How does the publication flow work? How does it encompass "gray literature" like conference proceedings? Journals could work by being aggregators of published papers. "Increasing their page rank."
Why not a wiki? They are great, but a peer review system is different.
Why am I telling you this? "Library Science" is largely dead in the academic world, but what I am talking about is basically library science. Library science needs to be reborn for the digital age.
How can people explain data problems? Science these days is not reproducible. NASA has developed a way to organize their data. Primary data (level 0) is the raw science data, and on top of that you need to record all of the meta data (programs, algorithms).
My vision is a federated model of storing all the level 0 data and all the metadata on top of it throughout the world [the Pubmed model].
Science is figuring out how to objectify knowledge. What is an atom? What is a star? What is a molecule?
Best example of developing a scientific ontology - Entrez-GenBank.

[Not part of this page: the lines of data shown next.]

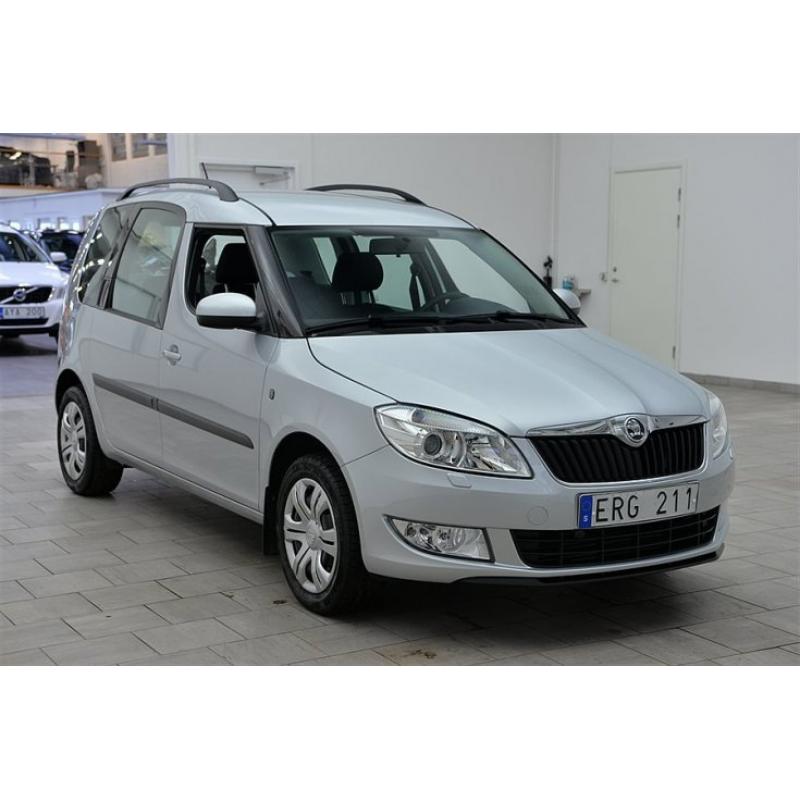 Skoda Roomster 1.2 TDI Greenline 75hk 2532MIL -13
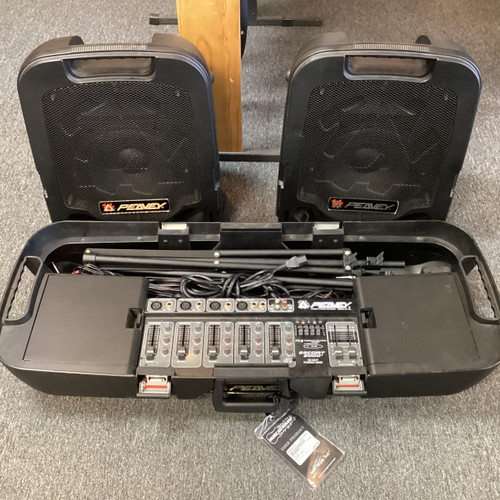 Vist Large View of Product Image Which is Used Peavey ESCORT 2000 Powered Mixer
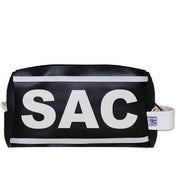 SAC (Sacramento) City Abbreviation Travel Dopp Kit Toiletry Bag - Anne Cate
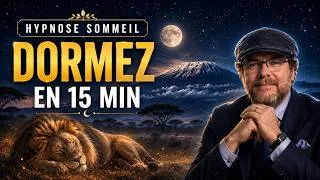 Miniature : Hypnose pour dormir en 15 min. [Safari au Kilimandjaro]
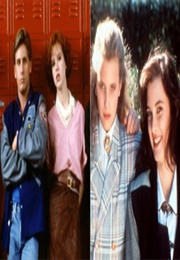 The Breakfast Club + Heathers (1985) / (1989)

I tell the scientific community, that if you can give us a class, we can take it and publish it and build a web service out of it.
Closing: most data is, or could be, online. Astronomy data is a great case - it is useless, it has no commercial value, so there aren't issues with sharing. SkyServer.SDSS.org - website to allow high school kids to play with the data from one of the worlds best telescopes. 150 hours of online astronomy. 10% kids and 90% astronomers. SkyQuery.net - federates astronomy data from 15 archives.